If Barack Obama escapes humiliation that will be enough - there is no sense that even victory in Congress will leave him in an enviable position.
The next few days will see Mr Obama stripped, all the flaws of his presidency on display, all the strengths of his personality strained to their limit.
His dazzling way with words, his skill as an orator, is beyond doubt. They will be deployed to the full, in the six big TV interviews he has planned, in the address to the nation on Tuesday night.
But recently his words have lost a little of their ability to glamour the listener. The magic has faded with repetition. In some, familiarity has bred contempt.
Even worse for him, the words that are the most important are the hardest. They are the ones he speaks in private, on the phone or in person, to the politicians who hold his fate in their hands. And he's been notoriously bad in persuading Congress of anything.
He ignored the groundwork for years. This a city where, far more than in British parliament, the political is personal.
Just about every senator, every representative has a keen sense of their own importance. Any one would find attention from the president flattering. To those who deal in power, it is currency.
Buttering up an ego today can grease a deal tomorrow.
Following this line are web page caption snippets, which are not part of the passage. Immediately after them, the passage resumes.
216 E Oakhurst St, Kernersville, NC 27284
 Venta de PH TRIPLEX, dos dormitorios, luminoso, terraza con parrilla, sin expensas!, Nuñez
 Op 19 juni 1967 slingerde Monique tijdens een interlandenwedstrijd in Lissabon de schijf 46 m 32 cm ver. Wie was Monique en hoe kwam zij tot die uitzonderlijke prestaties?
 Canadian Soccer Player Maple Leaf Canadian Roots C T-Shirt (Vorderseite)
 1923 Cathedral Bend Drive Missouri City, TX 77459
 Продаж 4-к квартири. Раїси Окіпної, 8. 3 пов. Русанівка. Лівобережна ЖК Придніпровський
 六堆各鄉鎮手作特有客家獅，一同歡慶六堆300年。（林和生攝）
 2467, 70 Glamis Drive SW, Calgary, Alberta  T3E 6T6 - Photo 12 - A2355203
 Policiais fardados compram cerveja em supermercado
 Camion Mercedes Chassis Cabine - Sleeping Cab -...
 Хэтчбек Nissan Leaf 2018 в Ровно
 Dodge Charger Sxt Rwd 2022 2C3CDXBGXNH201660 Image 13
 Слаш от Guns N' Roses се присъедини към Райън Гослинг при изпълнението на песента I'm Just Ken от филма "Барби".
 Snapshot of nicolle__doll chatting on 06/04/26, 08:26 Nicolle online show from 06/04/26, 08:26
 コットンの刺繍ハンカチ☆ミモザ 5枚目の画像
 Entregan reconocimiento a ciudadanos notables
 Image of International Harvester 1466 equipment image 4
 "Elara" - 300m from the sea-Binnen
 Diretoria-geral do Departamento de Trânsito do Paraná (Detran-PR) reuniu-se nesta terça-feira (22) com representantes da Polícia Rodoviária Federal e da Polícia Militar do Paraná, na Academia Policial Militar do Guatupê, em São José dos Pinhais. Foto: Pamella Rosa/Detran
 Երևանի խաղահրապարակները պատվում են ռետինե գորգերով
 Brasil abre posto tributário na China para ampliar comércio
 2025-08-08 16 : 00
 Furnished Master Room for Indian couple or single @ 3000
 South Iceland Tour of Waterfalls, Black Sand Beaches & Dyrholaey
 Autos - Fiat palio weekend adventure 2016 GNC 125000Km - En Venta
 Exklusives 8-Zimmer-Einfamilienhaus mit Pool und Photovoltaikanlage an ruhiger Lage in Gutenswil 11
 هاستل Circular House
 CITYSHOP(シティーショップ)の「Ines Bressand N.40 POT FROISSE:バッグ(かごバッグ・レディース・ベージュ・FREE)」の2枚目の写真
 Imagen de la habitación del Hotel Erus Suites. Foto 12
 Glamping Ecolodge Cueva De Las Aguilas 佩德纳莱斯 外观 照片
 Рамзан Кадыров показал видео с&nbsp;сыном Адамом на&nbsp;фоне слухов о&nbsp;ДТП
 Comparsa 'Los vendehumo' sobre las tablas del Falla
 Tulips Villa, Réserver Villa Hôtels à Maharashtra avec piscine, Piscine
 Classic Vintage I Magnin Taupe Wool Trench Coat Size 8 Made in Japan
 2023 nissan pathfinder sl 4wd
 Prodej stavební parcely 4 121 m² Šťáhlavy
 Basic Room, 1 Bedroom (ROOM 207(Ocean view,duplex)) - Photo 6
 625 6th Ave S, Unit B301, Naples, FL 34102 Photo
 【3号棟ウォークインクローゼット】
But Mr Obama doesn't like glad-handing, back-slapping and inquiring after sick spouses. He hasn't built up the relations that would allow him to cajole and threaten.
But it is worse than that. Most of us are best at persuading others when we feel passionate about a cause. Listen to President Obama in St Petersburg and it is not always clear that he has persuaded himself.
Battle of instincts
That is perhaps unfair. He has decided on a course of action, but only after coming to the end of a long and agonising journey, embarked on reluctantly. It has taken him somewhere that can seem very far from his instincts and nature.
In his Swedish news conference he indicated he would much rather be dealing with the problems of a poor child's education than matters of war and peace. After all, he was elected to put the home front first, and to end America's wars.
To many at home and abroad his priorities are a sign of maturity and strength. But it is not exactly Churchillian.
Mr Obama is one of the few politicians who display their internal workings, and that has its charm.
But it is not only the Prince of Denmark's soliloquies that are a reflection of indecision, that blunt actual action. Battling it out inside the president's soul there are at least three instincts.
There's an emotional desire to avoid war, strengthened by a political imperative to do so for domestic reasons and an intellectual conviction that America mustn't and shouldn't impose its will on the world.
There's the desire, lit by his admiration for the Civil Rights movement, to stand up for the weak, the oppressed and those denied a say in governing themselves.
Then there's the commander-in-chief, whose prime duty is to protect America and its long-term interests in the world.
The interplay between these strands led him to fight shy of involvement in Syria in the first place, but then announce red lines on chemical weapons. They caused him to back away from action when the lines were first breached, and then rather reluctantly return to them, stressing that this wasn't about regime change. When others, including the UK, declined to share his view he turned to Congress.
It is possible his many critics are wrong and he alone has taken a wise course, against the odds. But at the moment this all looks like a mess heading for a political disaster.